=== ACTIVITY ===
In the entries that follow, find the line containing "Zane-Orange Lace Frontal" and the line containing "pool at the", then retype exactly the lines from the first through the second, pictures excluded.

=== DATA TO USE ===
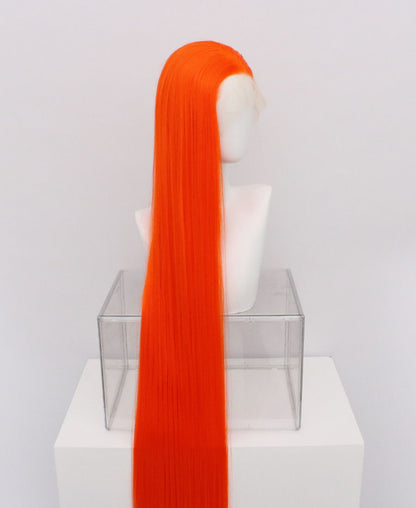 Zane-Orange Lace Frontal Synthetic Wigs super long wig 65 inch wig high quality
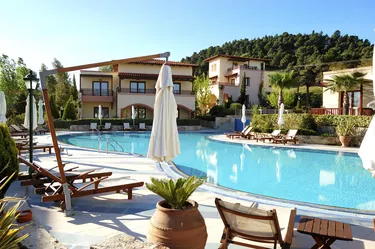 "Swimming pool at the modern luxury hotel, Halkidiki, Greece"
---
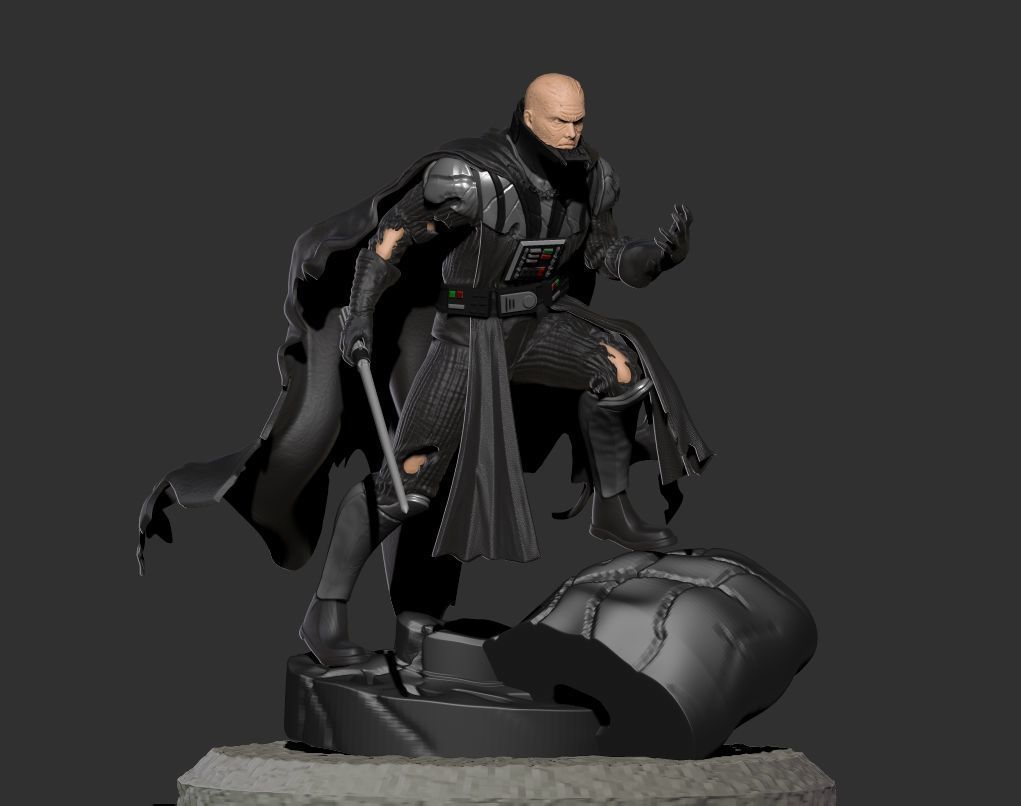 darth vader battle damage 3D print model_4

=== EXERCISE ANSWER ===
 Zane-Orange Lace Frontal Synthetic Wigs super long wig 65 inch wig high quality
 "Swimming pool at the modern luxury hotel, Halkidiki, Greece"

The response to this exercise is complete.